Casi tres semanas antes, cuando tomé el primer test de embarazo y vi aparecer las dos líneas de la positividad, no había entrado en pánico. Mi reacción había sido de completa calma y rápidamente había concluido que a mis 31 años me convertiría en madre. Sentía el cuerpo listo, el alma lista y el bolsillo no tanto, pero creía saber cómo solucionarlo. Tomé un segundo test para estar segura y luego un examen de sangre para estar aún más segura. Ya había empezado a pensar qué haría, dónde viviría, en qué trabajaría y cómo sería. Si bien todas eran decisiones complejas y que implican montones de dinero y voluntades ajenas, me sentía poderosa y capaz de lograrlas todas. Esto último viene desde un lugar de privilegio absoluto, el aborto que tuve también, el primero y el segundo. Toda la experiencia es la prueba más pura de los privilegios que tengo en este mundo injusto y desigual.
Al día siguiente de enterarme del embarazo, almorcé y casi podría decir que celebré con mis amigas, las mismas que luego estuvieron incondicionalmente cuando aborté. Iba a ser madre, pero me olvidé de que existía esa sombra masculina que había puesto de su parte para que algo se gestara en mi interior. Eso fue lo que desarmó el sueño, pudrió la esperanza y deshizo los planes y celebraciones. Al final, me quedé con el cariño de esa amiga que me acompañó a mi primer control, la contención del amigo que me llevó a la primera ecografía, un ramo de flores que me regaló mi abuela, una crema para las estrías que me regaló mi madre, un guatero que me regaló una amiga, un peluche que me regaló otra amiga y el abrigo que me trajo otra amiga para cuando saliera de la clínica, cuando ya todo hubiera terminado.

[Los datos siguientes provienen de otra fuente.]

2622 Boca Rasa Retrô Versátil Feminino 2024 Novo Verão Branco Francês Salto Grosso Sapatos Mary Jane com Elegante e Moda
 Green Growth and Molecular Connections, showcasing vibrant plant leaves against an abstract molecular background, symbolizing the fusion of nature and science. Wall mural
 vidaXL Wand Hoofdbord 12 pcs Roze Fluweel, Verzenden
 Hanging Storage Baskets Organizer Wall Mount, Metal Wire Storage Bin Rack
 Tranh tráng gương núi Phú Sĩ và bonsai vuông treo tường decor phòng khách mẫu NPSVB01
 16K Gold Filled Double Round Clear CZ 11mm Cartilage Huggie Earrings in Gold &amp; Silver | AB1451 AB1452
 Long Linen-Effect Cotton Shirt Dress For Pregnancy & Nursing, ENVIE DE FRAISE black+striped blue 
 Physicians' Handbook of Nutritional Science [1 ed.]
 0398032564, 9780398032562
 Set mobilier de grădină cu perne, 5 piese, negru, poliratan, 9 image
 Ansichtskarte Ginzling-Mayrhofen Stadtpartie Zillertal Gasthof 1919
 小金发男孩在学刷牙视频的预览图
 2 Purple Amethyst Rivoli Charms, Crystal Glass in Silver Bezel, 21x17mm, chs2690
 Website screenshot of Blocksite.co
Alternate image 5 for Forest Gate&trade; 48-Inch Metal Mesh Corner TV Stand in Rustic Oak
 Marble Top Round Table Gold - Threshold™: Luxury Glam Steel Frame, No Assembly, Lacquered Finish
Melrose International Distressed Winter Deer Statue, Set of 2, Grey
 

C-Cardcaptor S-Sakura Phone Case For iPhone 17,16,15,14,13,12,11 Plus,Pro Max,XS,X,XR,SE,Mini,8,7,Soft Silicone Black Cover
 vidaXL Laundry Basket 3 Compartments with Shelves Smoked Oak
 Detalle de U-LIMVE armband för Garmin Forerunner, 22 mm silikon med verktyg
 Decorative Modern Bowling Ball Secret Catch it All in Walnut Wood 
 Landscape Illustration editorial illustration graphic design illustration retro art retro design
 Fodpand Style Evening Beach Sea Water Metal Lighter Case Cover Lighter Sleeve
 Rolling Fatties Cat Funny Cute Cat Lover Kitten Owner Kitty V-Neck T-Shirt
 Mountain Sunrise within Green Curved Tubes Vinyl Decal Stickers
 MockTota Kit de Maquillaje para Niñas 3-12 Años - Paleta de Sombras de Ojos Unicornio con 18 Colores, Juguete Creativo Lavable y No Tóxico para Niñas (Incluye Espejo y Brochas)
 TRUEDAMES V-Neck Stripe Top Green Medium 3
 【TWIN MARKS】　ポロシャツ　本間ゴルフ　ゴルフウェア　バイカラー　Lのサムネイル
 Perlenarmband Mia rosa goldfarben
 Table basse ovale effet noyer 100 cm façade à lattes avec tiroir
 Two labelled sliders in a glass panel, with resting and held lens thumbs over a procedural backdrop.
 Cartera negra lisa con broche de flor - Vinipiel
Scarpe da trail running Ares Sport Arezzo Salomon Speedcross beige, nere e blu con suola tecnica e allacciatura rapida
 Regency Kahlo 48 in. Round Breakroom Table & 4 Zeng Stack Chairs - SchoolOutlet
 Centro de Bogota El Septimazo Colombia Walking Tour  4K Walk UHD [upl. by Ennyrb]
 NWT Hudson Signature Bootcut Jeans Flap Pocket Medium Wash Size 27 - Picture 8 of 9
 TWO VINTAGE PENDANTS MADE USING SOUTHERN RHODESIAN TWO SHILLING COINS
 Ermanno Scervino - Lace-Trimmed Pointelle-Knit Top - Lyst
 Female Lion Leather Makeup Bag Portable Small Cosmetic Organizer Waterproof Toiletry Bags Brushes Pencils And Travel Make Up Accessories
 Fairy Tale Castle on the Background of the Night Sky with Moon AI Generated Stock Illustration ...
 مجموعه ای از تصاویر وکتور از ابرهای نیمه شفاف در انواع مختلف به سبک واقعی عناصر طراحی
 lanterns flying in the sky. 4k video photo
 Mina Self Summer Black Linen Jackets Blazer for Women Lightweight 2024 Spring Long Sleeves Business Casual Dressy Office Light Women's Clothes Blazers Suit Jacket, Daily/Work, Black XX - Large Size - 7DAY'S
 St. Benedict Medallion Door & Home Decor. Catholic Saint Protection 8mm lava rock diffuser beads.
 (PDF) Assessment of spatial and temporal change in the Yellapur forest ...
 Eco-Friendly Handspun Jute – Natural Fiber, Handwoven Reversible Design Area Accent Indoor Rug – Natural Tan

Se supone que los abortos con pastillas son un procedimiento simple y seguro, que hay países donde te las entregan en la consulta ginecológica-obstétrica para que lo hagas tranquila en casa, del mismo modo que yo y tantas otras lo hemos hecho, pero no hay que olvidar que las complicaciones existen. Así como son muchas las que consiguen un resultado efectivo, somos muchas las que no. Por suerte, en todo el mundo hay héroes y heroínas que entienden de derechos humanos y nos salvan las vidas, pero eso depende de un privilegio inconmensurable. La experiencia que viví confirma tres premisas: Tus amigas también son el amor de tu vida; Es fundamental y mandatorio que el aborto sea legal, por los derechos de todas las mujeres y la posibilidad de salvar sus vidas; Y los hombres tienen muy poco que ver en este proceso. ‘Mi cuerpo, mi decisión’ es una verdad esencial. Por supuesto que hay y habrá hombres que intenten entender o decidan estar y participar de manera empática, que quieran tener una familia y sean corresponsables en términos legales, económicos y de cuidados, pero la verdad es que no se trata ni de la mitad de ellos. Un embarazo, un aborto, la maternidad y los cuidados, querámoslo o no, siguen siendo terreno de las mujeres y es, sin duda, el piso rugoso desde el que se erigen las cientos de desigualdades que tenemos que vivir día a día”.